Das ist bei Wir waren nur Mädchen allerdings anders, was das Besondere dieses Buches für mich ausmacht. Wir lernen Hannie Schaft, die es wirklich gegeben hat, kennen, als sie noch eine ganz normale Studentin in Amsterdam ist zur Zeit der deutschen Besatzung im zweiten Weltkrieg. Sie ist zu Beginn nicht besonders selbstbewusst und eher zurückhaltend. Als sie jedoch zufällig Feline und Sonja, zwei jüdische Mitstudentinnen, kennenlernt und sich mit ihnen anfreundet, beginnt sie sich zu öffnen. Die drei sind unzertrennlich und als die Juden immer mehr Einschränkungen im täglichen Leben auferlegt bekommen und schließlich sogar deportiert und ermordet werden, beschließt das unscheinbare, ruhige Mädchen, dass es Zeit ist zu handeln. Sie flieht mit den beiden zu ihren Eltern nach Haarlem, wo sie Sonja und Feline im Haus ihrer Eltern versteckt, um Kontakt zum Widerstand aufzunehmen. Diese sollen dann einen dauerhaften Unterschlupf für die beiden finden. Doch es kommt anders. Hannies Eltern möchten Feline und Sonja langfristig bei sich aufnehmen und Hannie schließt sich dem bewaffneten Widerstand an.

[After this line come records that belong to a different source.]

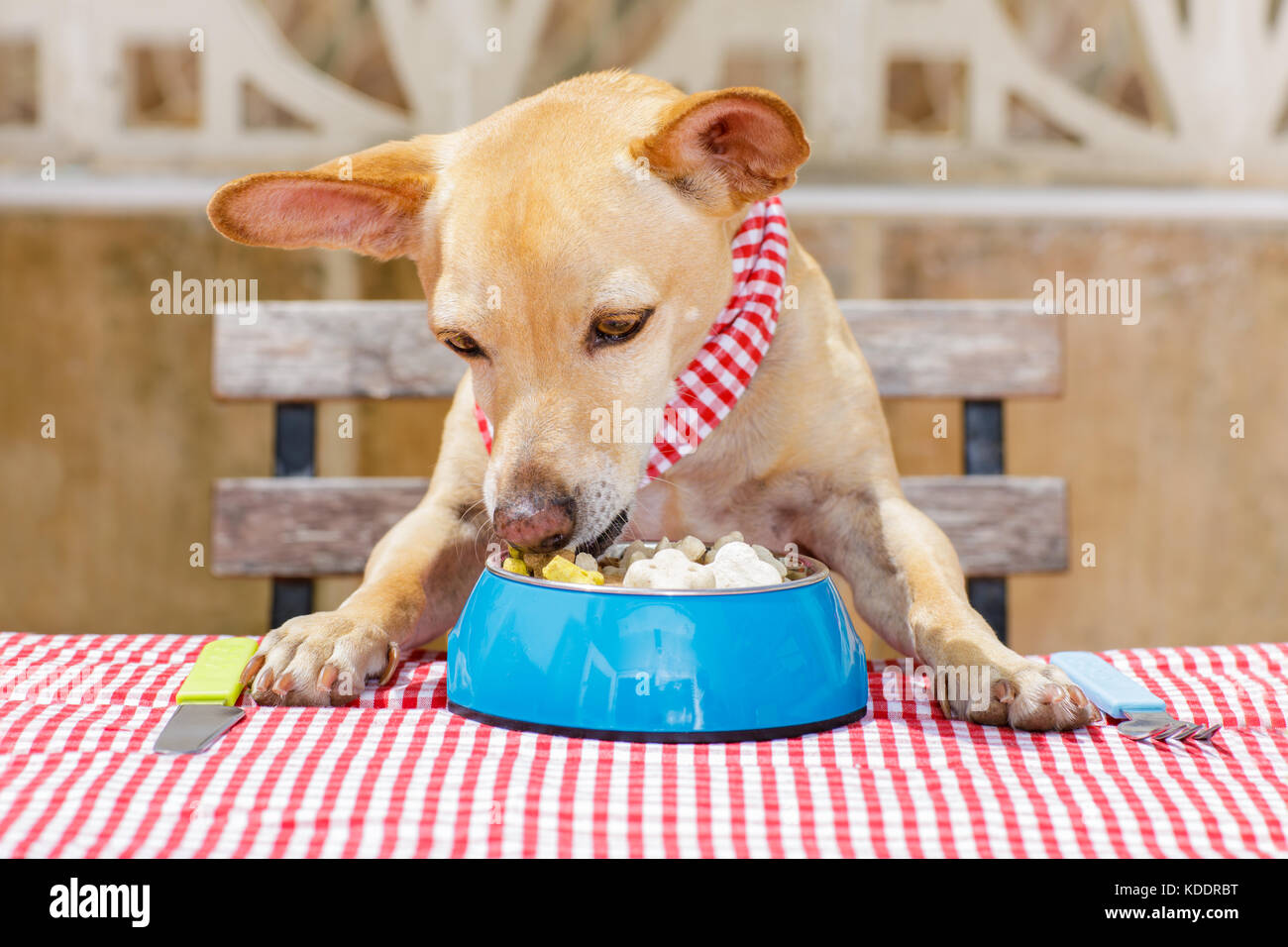 Chihuahua hambriento perro come con mantel en la mesa , utensilios tazón de  alimentos , tenedor y cuchillo pintó Fotografía de stock - Alamy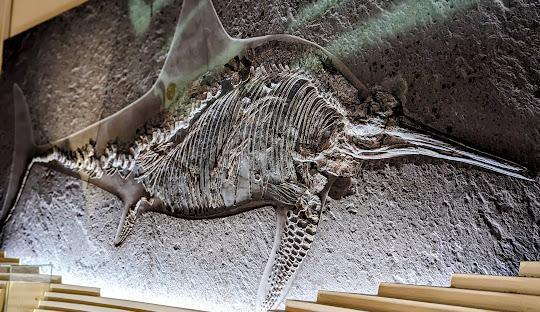 Museo di Storia Naturale di Venezia Giancarlo Ligabue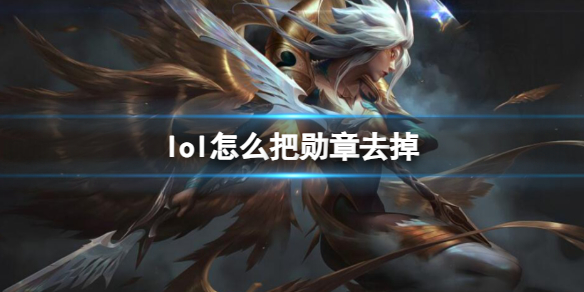 英雄联盟lol怎么把勋章去掉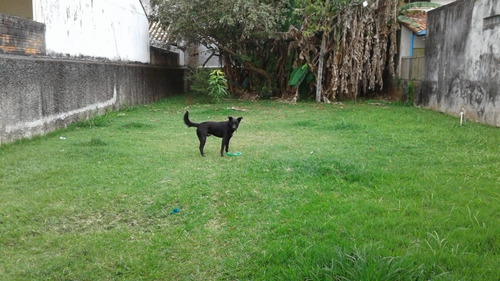 Imagem 8 de 13 de Casa Venda Caraguatatuba - Sp - Praia Das Palmeiras - 531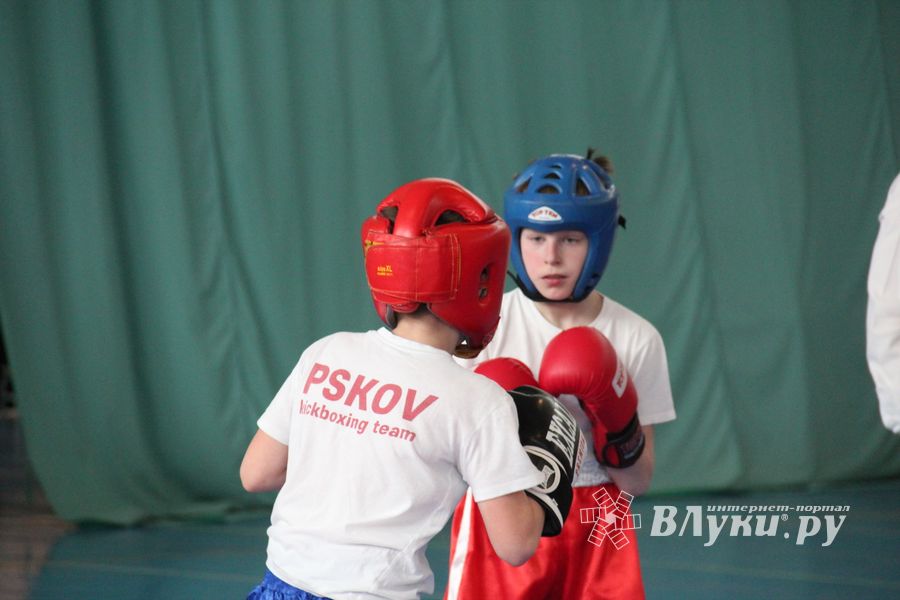 В Великих Луках проходит Кубок по кикбоксингу (ФОТО) (0+)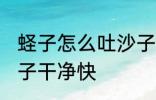 蛏子怎么吐沙子干净快 蛏子如何吐沙子干净快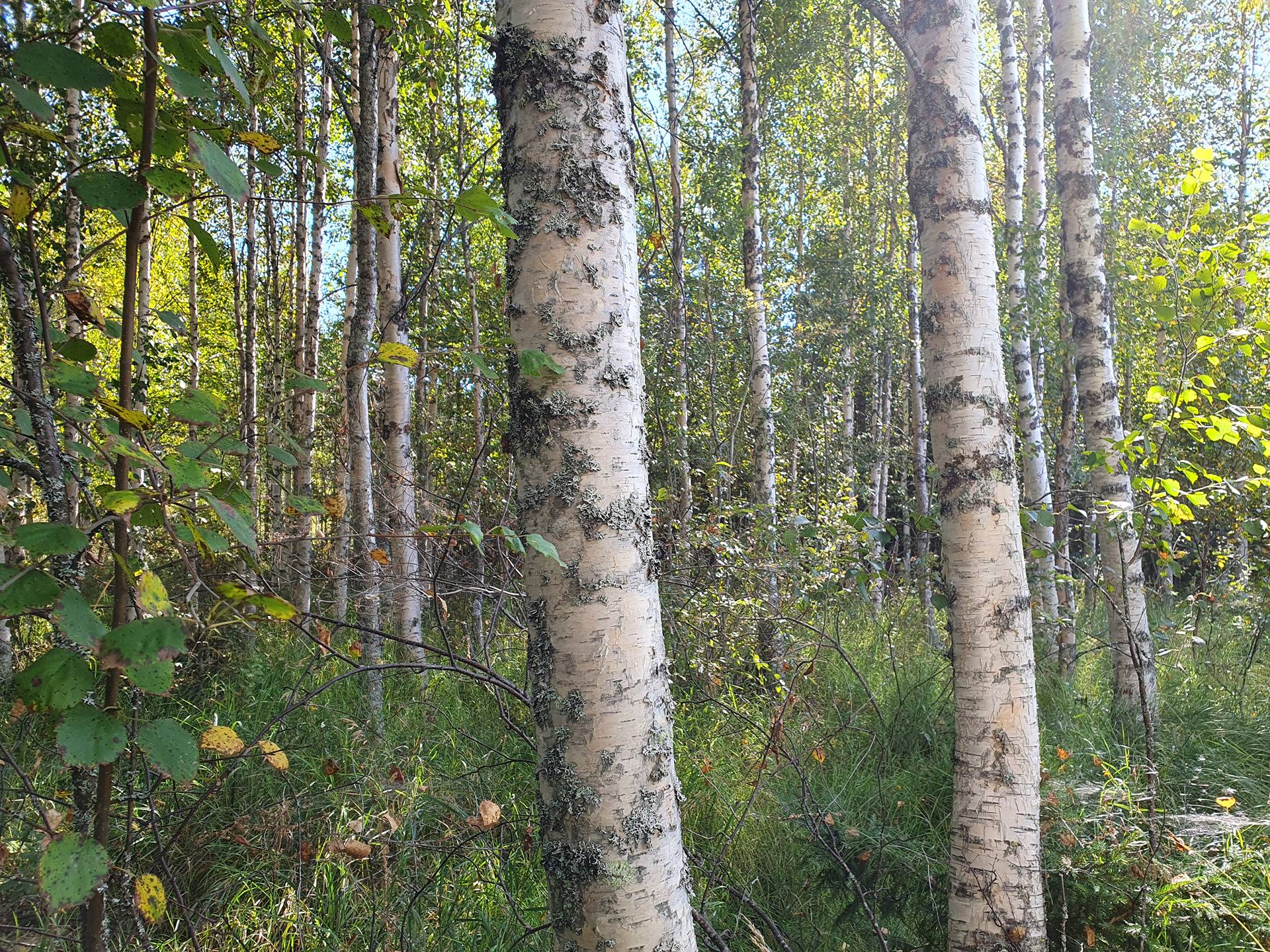 SIERAKANGAS 785-401-5-101, 27,07 ha  metsäkiinteistö Jaalangassa Oulujärven Itärannalla n. 21 km Vaalan taajamasta. 31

Von dem Moment an begleiten wir Hannie bei einigen mutigen und gefährlichen Aktionen des Widerstands. Vom Verteilen der Widerstandszeitung, über Sabotagen von Gleisen und Kraftwerken bis hin zu Mord ist alles dabei. Und im Verlauf wird Hannie immer mutiger, steht immer mehr für ihr Vaterland ein und denkt immer weniger an sich. Sie wird zu einer richtigen Heldin und man bekommt die Entwicklung von der braven Studentin zur mutigen Widerstandskämpferin live mit. Das hat mich total gefesselt. Ich konnte mich so gut in Hannie hineinversetzen, weil ihre Gefühle zum Greifen nah waren. Sie schildert, wie sich der Wut in ihr aufbaut, weil ihre Freundinnen so behandelt werden. Wir lesen, wie groß ihre Angst ist, wenn Juden auf offener Straße deportiert werden und wir bekommen die Stimmung in den besetzten Niederlanden hautnah zu erleben. Auch die kurze Liebesgeschichte zwischen ihr und einem der Widerstandsmitglieder trägt dazu bei, dass ich verstehen konnte, wie es damals gewesen sein muss. Denn Hannie trifft mehr als nur eine Entscheidung, die sie in Friedenszeiten niemals getroffen hätte, wie sie selbst schreibt. Ihr Fokus aber bleibt stets auf den Widerstand gerichtet und sie stellt ihr ganzes Leben hinten an. Das und auch die Emotionen, die dieses Buch transportieren, machen es zu einem ganz besonderen Lesehighlight.
Ich bin ganz begeistert von der Geschichte und noch begeisterter davon, dass es alles auf wahren Begebenheiten beruht. Am Ende des Buches gibt es nämlich zu allen Figuren des Buches eine Auflösung, was im echten Leben aus ihnen geworden ist. Danach ist mir nochmal mehr bewusstgeworden, dass das, was ich als spannende Geschichte gelesen habe, das Schicksal echter Menschen war. Wahnsinnig berührend und auf jeden Fall eine Leseempfehlung wert.